If your patients do not have vascular damage or vascular target organ damage, and you suspect that they might, peripheral arterial disease diagnosis is fairly noninvasive, quick to arrange, quick to identify, and can put them on that secondary prevention pathway at a more aggressive level than if you didn't have that diagnosis. >> In the U.S., two drugs are approved for claudication resulting from peripheral arterial disease Pentoxifylline and Cilostazol.
Their efficacy has only been demonstrated for enabling patients to walk further distance. These drugs don't really do much beyond that. Do you recommend the use of these drugs at all? >> I do in patients that have leg complaints and difficulty walking because I think that we have to understand that for our patients walking and changing the amount of distance that patients can walk is very important in their lives, although it doesn't mean that it changes your cardiovascular mortality. Those endpoints, I think are really relevant your patients, and again, physicians would need to discuss with their individual patient and see if this would be important for them.

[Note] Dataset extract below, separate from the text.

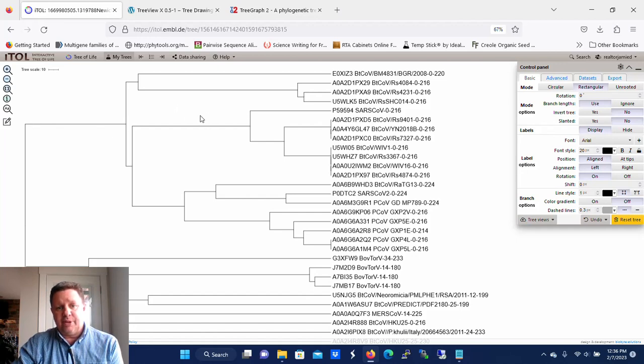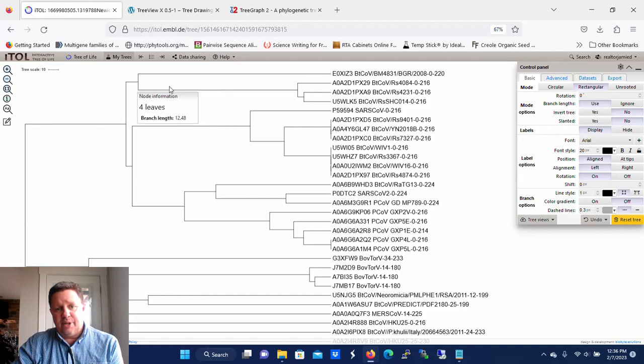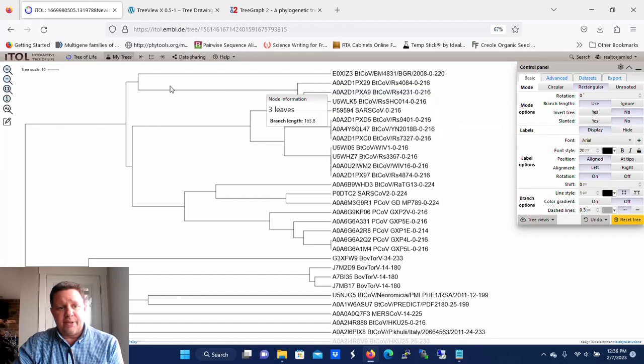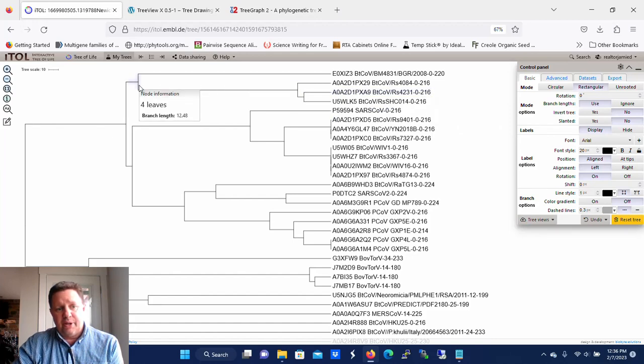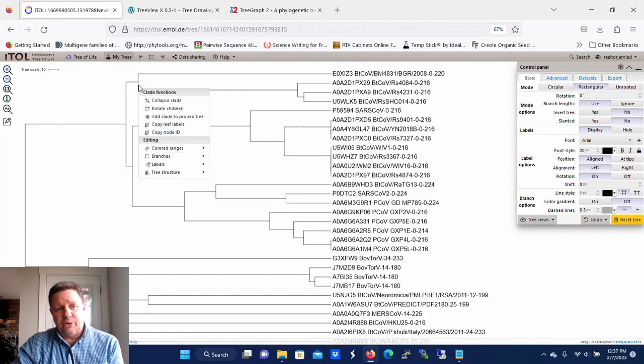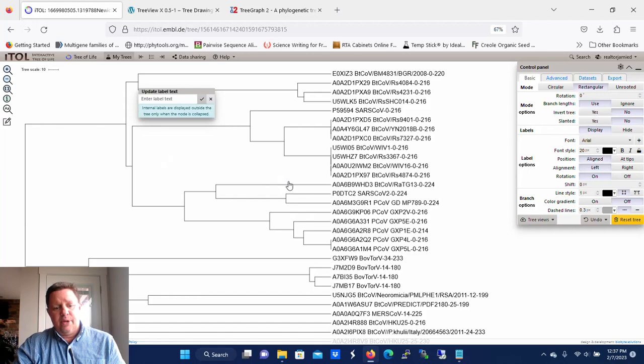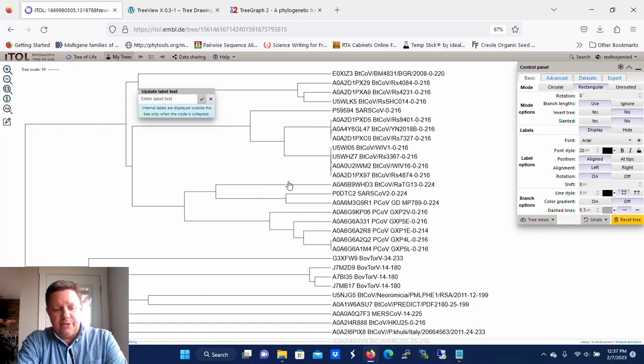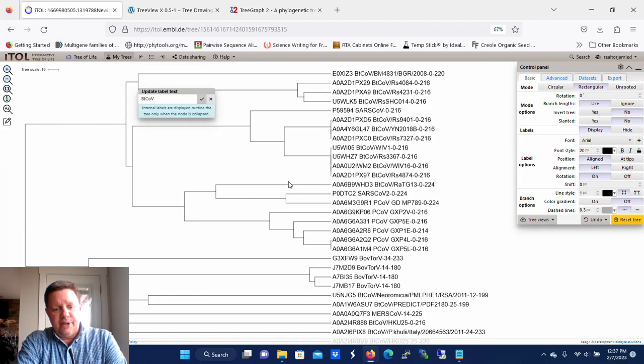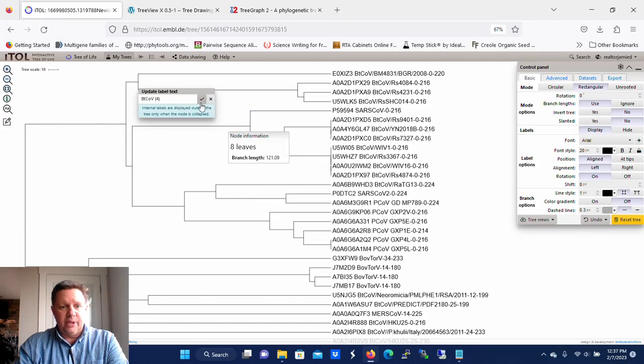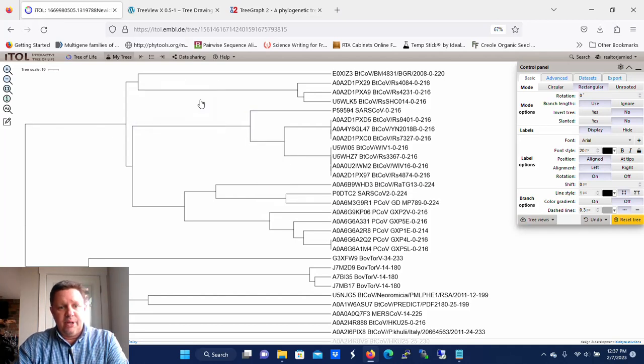There's a couple of things that you can do to display those a little more informatively. One of them is collapsing the clades. Let's say I want to collapse this clade here that has four different taxa in it. What I would do to collapse that is first I want to give it a label. In this case you click back here at this node and you go to Labels, This Node, Edit Label. These are coronaviruses, so I'm going to say these are beta coronaviruses and there's four of them here, so we'll just say Beta Coronavirus 4 as the label for that particular clade, and you're going to click check.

>> For the assessment of peripheral artery disease, the clinical examination, by itself, is not sufficient. What tests should be performed in addition to a physical examination. >> Beyond the clinical examination to definitively rule in or rule out peripheral arterial disease, those patients need noninvasive testing like ankle-brachial index, which is a very high specificity for diagnosing peripheral arterial disease and can also grade the severity of peripheral arterial disease. >> What about the capillary refill test?

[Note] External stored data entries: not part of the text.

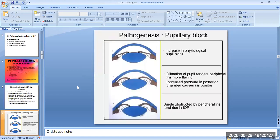The pathogenesis of pupillary block is shown in this image. You can see the increase in physiological pupil block. Next there is dilatation of the pupil, which renders the peripheral iris more flaccid. Increased pressure in the posterior chamber causes iris bombé — that is, it pushes the peripheral flaccid iris anteriorly. Finally, the angle is obstructed by the peripheral iris, and there is a rise in intraocular pressure.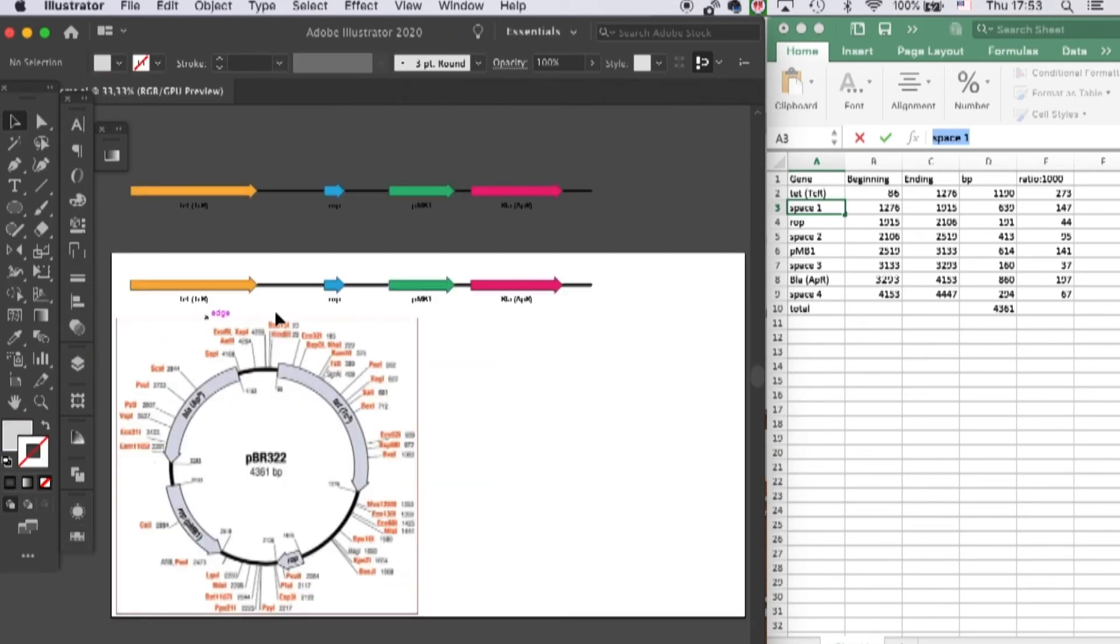So yeah, that's how you make a linear gene scheme. And now I will show you how to wrap it into a circular plasmid.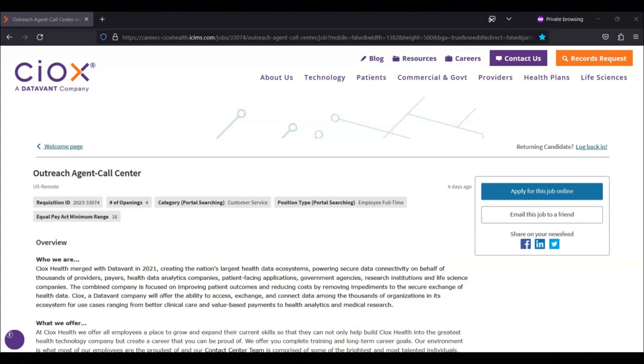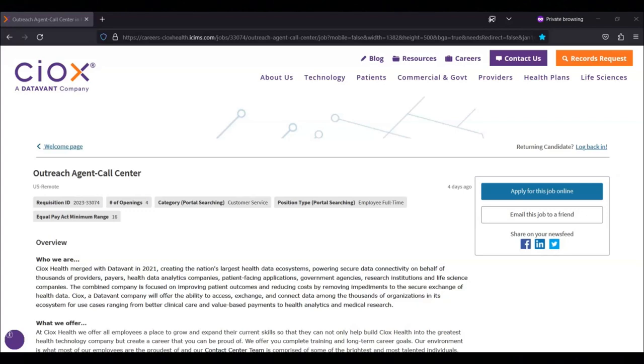You'll follow up on initial contacts, comply with HIPAA, which is the Health Insurance Portability and Accountability Act, ensuring the right to privacy for patients' records, log all call transactions into the designated computer software systems, and meet minimum call volume and quality requirements for the position.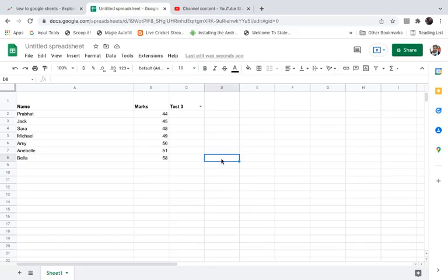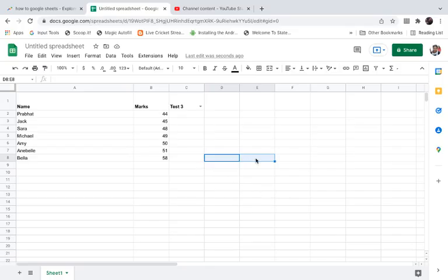Suppose you want to change the width and height of this cell. You cannot do it just like the previous method, but you can change the width and height by merging two cells. So I'm going to merge these two cells.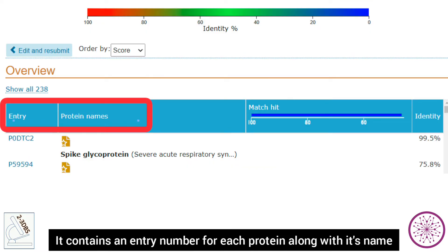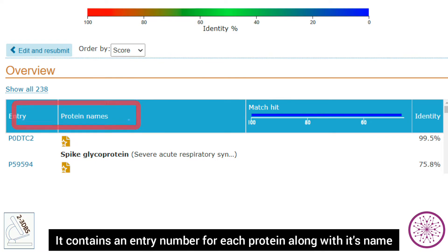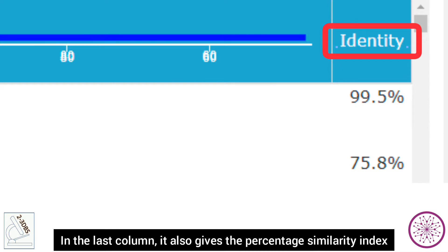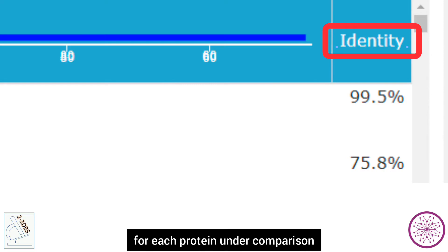The results page contains an entry number for each protein along with its name in the last column. It also gives the percentage similarity index for each protein under comparison.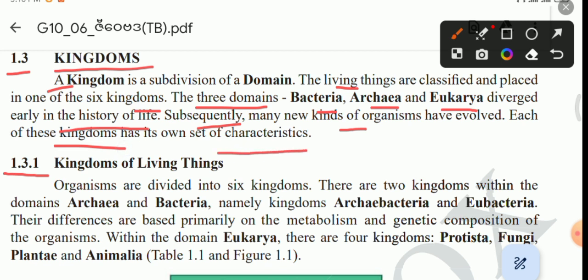Organisms are divided into six kingdoms. There are two kingdoms within the domains Archaea and Bacteria, namely kingdoms Archaebacteria and Eubacteria. Their differences are based primarily on the metabolism and genetic composition of the organism. Within the domain Eukarya, there are four kingdoms.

How effective is that? >> Although a lot of our students and trainees do the capillary refill test, this test has actually been shown to have very little clinical utility in either ruling in or ruling out peripheral arterial disease. >> Thank you very much, Dr. Kahn, for this helpful review of peripheral arterial disease. Additional information about this topic is available in the Rational Clinical Examination chapter on peripheral arterial disease. This had been Ed Livingston of JAMA talking with Dr. Nadia Khan for JAMAevidence.